TAKING YOUR FAVOURITE GAMES OUT ON THE ROAD WAS A BIG PART OF PLAYING IN THE NINETIES, AS THE MAJOR MANUFACTURERS TOOK TO MAKING HANDHELD CONSOLES. IT DIDN’T ALWAYS GO WELL FOR THEM, BUT THEIR EFFORTS LEFT AN UNFORGETTABLE LEGACY FOR GAMERS
There are so many times in life when your only option is to sit down and wait. You could be passing time before seeing the doctor, or in the back of a car during a long journey. Whatever the situation, filling these waits suddenly got a lot better as handheld consoles grew in popularity. Of course, handheld videogames weren’t an invention of the Nineties, not by a long shot. Whether you want to cite the MB Microvision or the popularity of standalone devices like Tiger Electronics’ games or Nintendo’s Game & Watch series, it’s clear that players could enjoy gaming on the go throughout the Eighties. The big difference was that while handheld gaming had been around for a while, handheld consoles as we have come to know them today came of age in the Nineties.
The stage for the handheld boom was set during 1989, when Nintendo introduced its
Game Boy. Atari introduced the Lynx later that year, and Sega followed in 1990 with the Game Gear, both of which offered full colour displays. Atari and Sega both tried to offer an experience comparable to that of home consoles, providing full colour backlit LCD displays. Nintendo famously went for a more modest design with a greyscale display, and would ultimately outsell all of its competitors by a wide margin.
All too often, the Game Boy is said to have won out because of its battery life, and while there’s some truth to that statement it does a massive disservice to the console’s brilliant games. The Game Boy’s display was so different to home consoles that it practically demanded bespoke experiences, and Nintendo delivered superbly. If you wanted the full Zelda
experience, you’d need a Game Boy to pick up Link’s Awakening. Mario fans would naturally want to see the unique stages of Super Mario Land 2: 6 Golden Coins, as well as its new villain Wario. Donkey Kong was expanded from its original arcade form into an incredible puzzle-platformer. That’s before we even get to excellent original titles like Kirby’s Dream Land and Mole Mania, or third party favourites like Gargoyle’s Quest and Batman.
That’s not to say that owners of the other systems missed out on great games, mind. While Lynx owners did often have to wait quite a while between games, being able to take excellent versions of STUN Runner, California Games and Klax out with you was rather lovely. Game Gear owners received plenty of conversions from other Sega platforms, particularly the Master System that its hardware was based on, as well as fantastic exclusive entries in the Sonic The Hedgehog, Shinobi, and Shining Force series.
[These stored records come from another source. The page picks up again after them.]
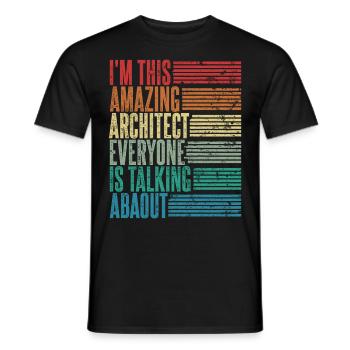 Vintage Architekt Architektin Geschenk Retro - Männer T-Shirt - Schwarz - Vorne - AI Model Male 178 light (178cm)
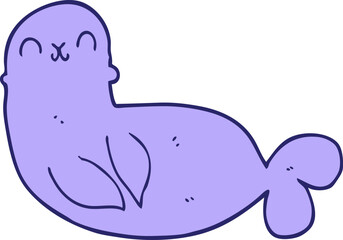 cartoon seal in bright neon color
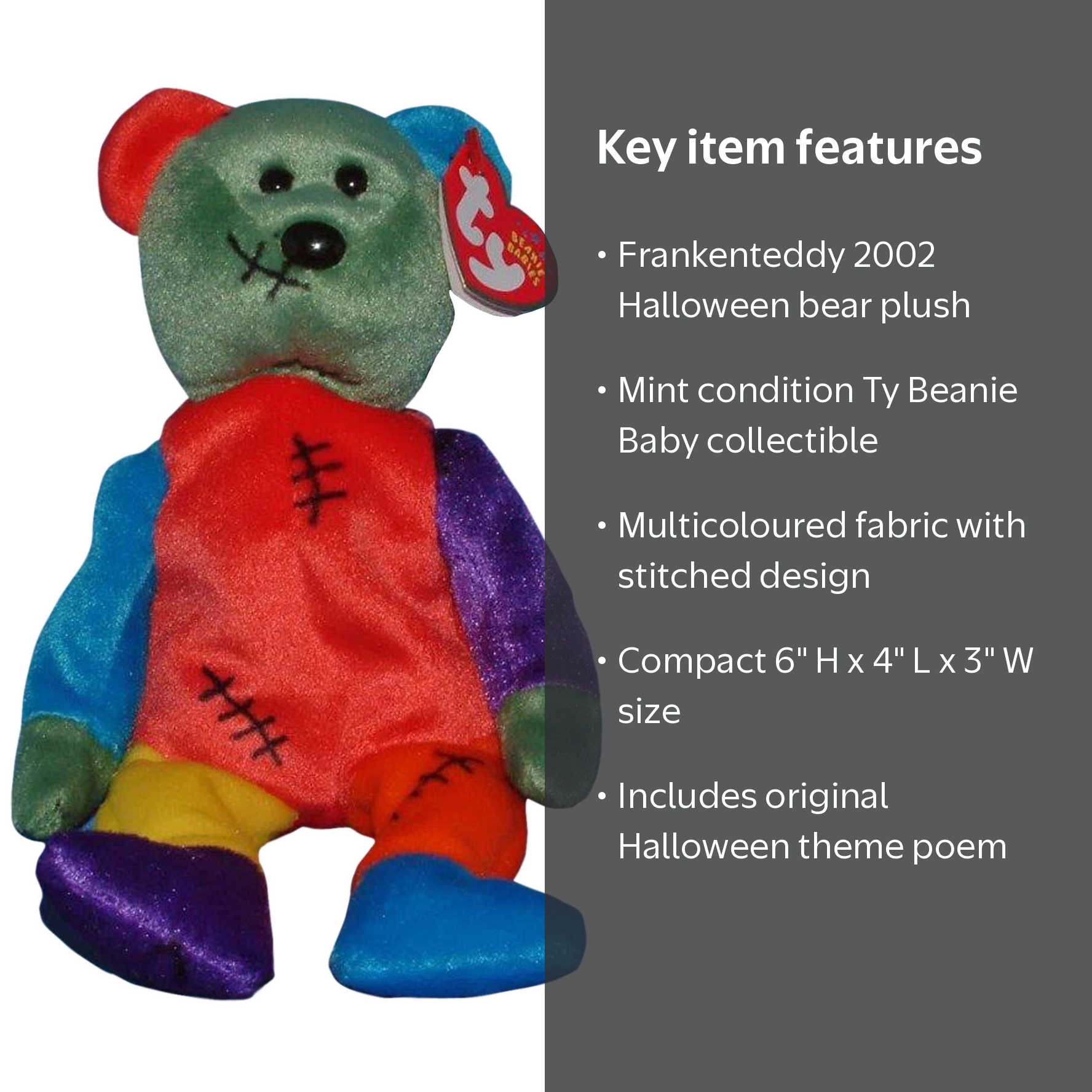 Ty Beanie Baby: Frankenteddy the Bear | Stuffed Animal | MWMT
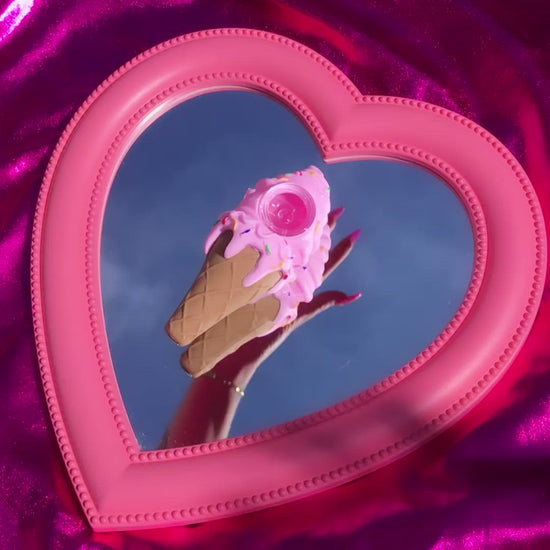 Pink ice cream cone silicone pipe for stoner girls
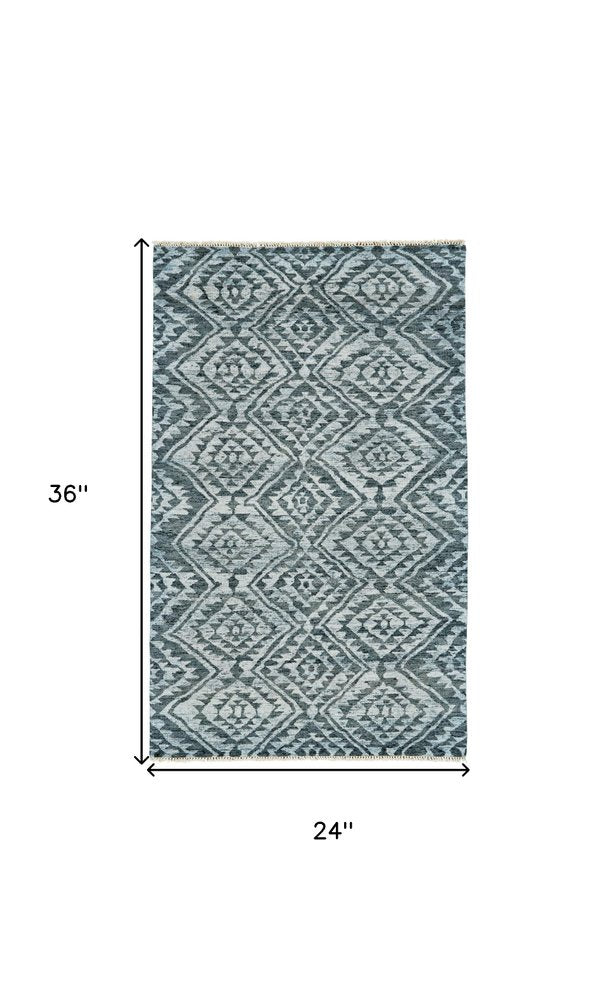 2' X 3' Gray and Blue Wool Southwestern Hand Knotted Area Rug
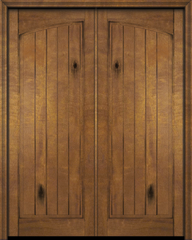 WDMA 60x84 Door (5ft by 7ft) Exterior Barn Mahogany Rustic Arch Panel V-Grooved Plank or Interior Double Door 1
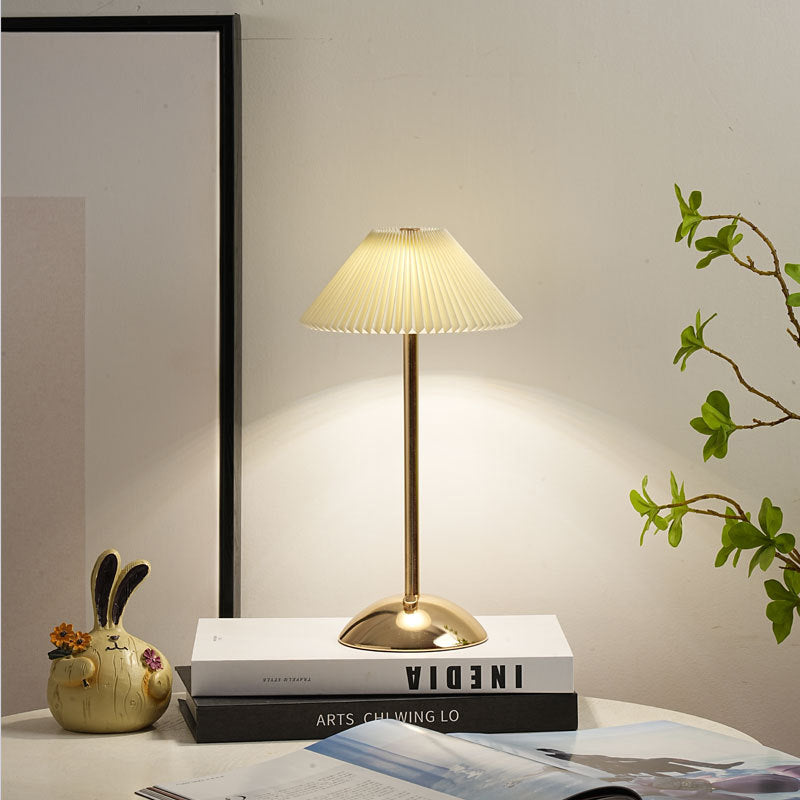 Contemporary Scandinavian Rechargeable LED Table Lamp with Fabric Shade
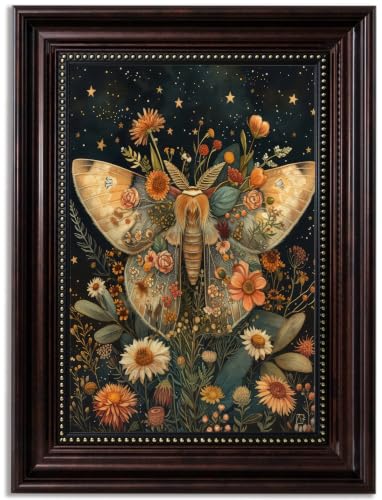 Framed William Morris Moth Canvas Wall Art Vintage Plant Butterfly Wall Decor Pictures Dark Academia Starry Sky Floral Poster Prints for Office Living Room Bedroom Home Decoration 12x16in - color: Butterfly, size: 16"L x 12"W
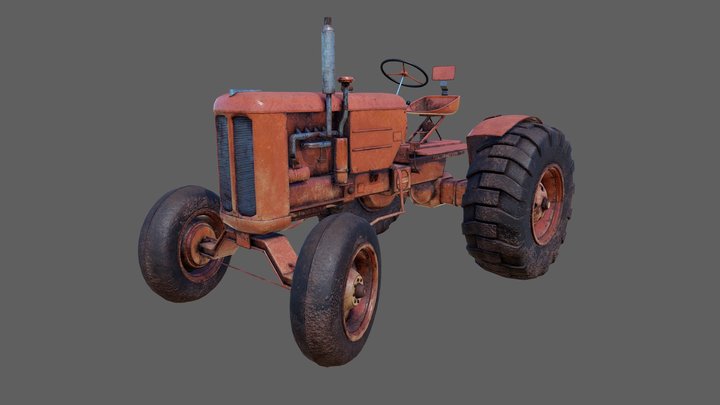 Old Farm Tractor 3D Model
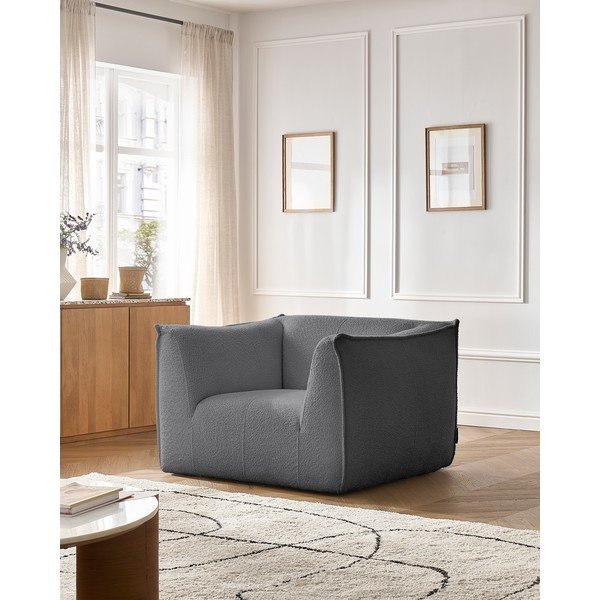 Poltrona grigio scuro con rivestimento in bouclé Giorgia – Bobochic Paris-image-1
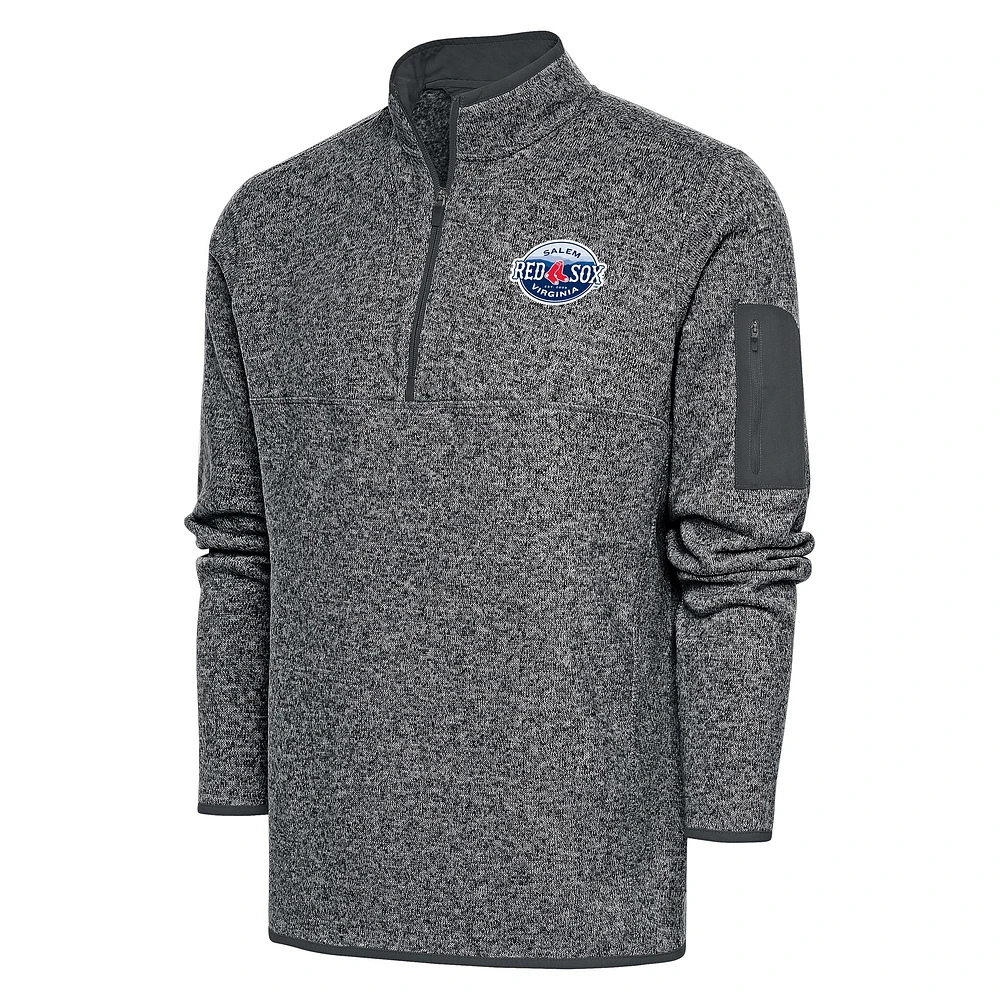 Men's Antigua Heather Charcoal Salem Red Sox Fortune Quarter-Zip Pullover Jacket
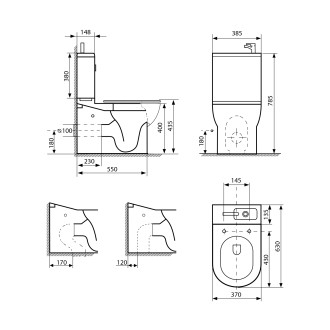 JALTA WC kombi s umývátkem Rimless, spodní/zadní odpad, bílá PB103H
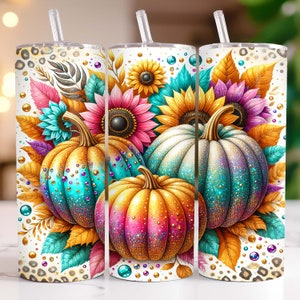 Pumpkins Fall Tumbler Wrap, Floral Fall 20oz Tumbler Wrap, Pumpkin Tumbler Png, 20oz Skinny Tumbler Sublimation Design, Digital Download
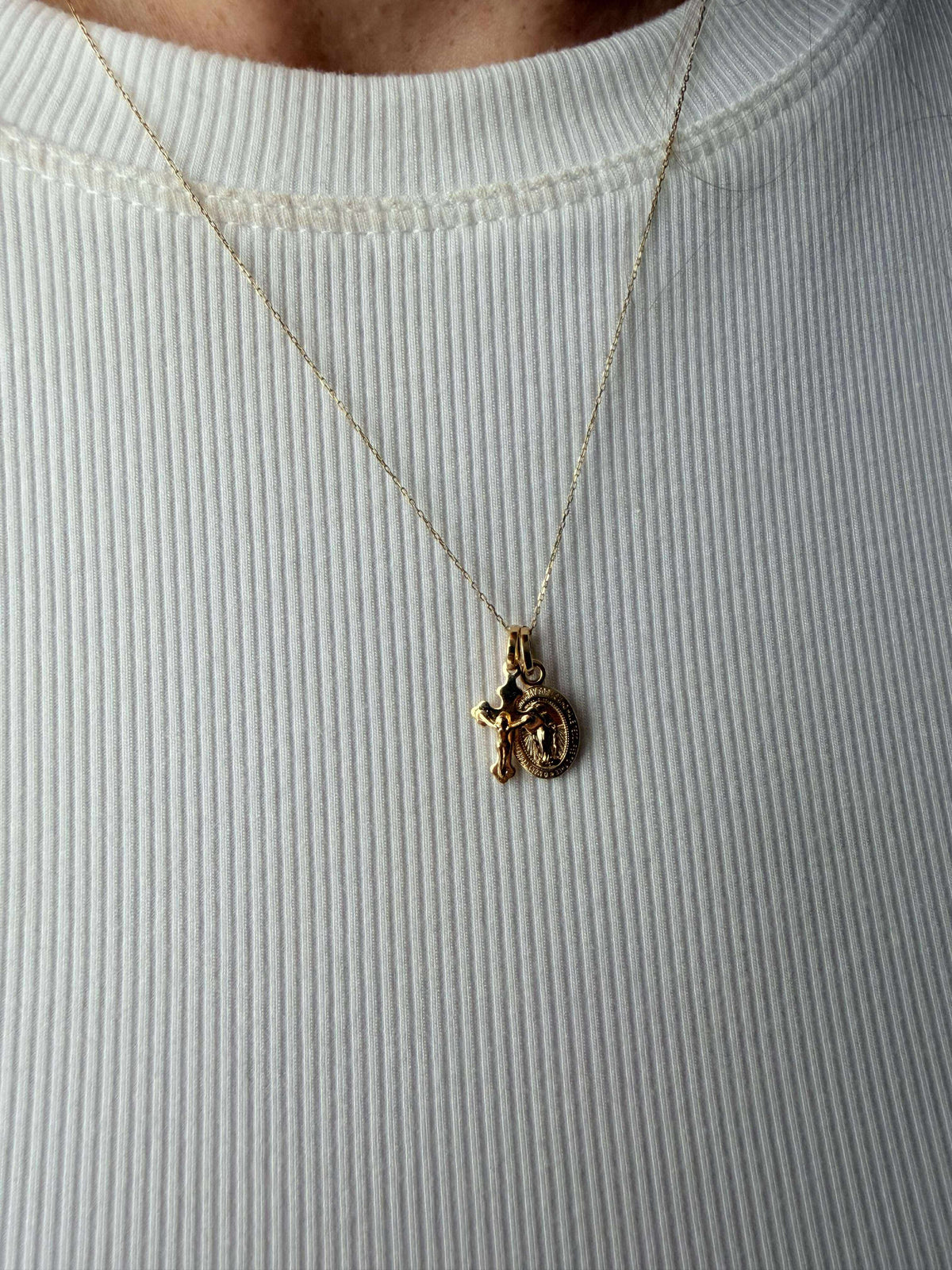 18k Gold Filled Mini Crucifix Pendant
But both companies elected not to follow up on their handheld consoles, and by the mid-nineties Nintendo was the only purveyor of portable gaming.
But what really cemented Nintendo as the master of the handheld console was how it kept the Game Boy relevant for over a decade. It had held off both dedicated handheld designs as well as miniaturised home consoles like the PC Engine GT and Sega Nomad, but by early 1996 the old system was looking a little long in the tooth. The arrival of Pokémon – a game designed around the system’s portability – revived interest in the venerable system almost single-handedly. Plenty of Game Boys were dusted off, and many more were purchased brand-new to experience the
popular monster battling RPG. Kids around the world would join in the fun as translated versions came out later in the decade – and many of them would do it on the Game Boy Color, introduced in 1998 as the first major upgrade to the near decade-old platform.
That’s what made handheld consoles so different from the rest of the gaming scene at the time. Companies weren’t preoccupied with making more powerful systems, but more efficient ones. The kind of games you could play on a Game Boy Color or Neo Geo Pocket Color weren’t tremendously different to those you could have played on a Lynx – but that was the beauty of it. Handheld consoles weren’t just a way to keep the kids quiet – as the last bastion of 2D gaming, they were a haven for games as they used to be, and plenty of coding veterans kept themselves busy making portable games. From returning favourites like R-type DX and Paperboy to downscaled interpretations of contemporary classics like Tomb Raider, the handhelds of the Nineties had a game to offer for just about any fan of old-school design – and that remains true today.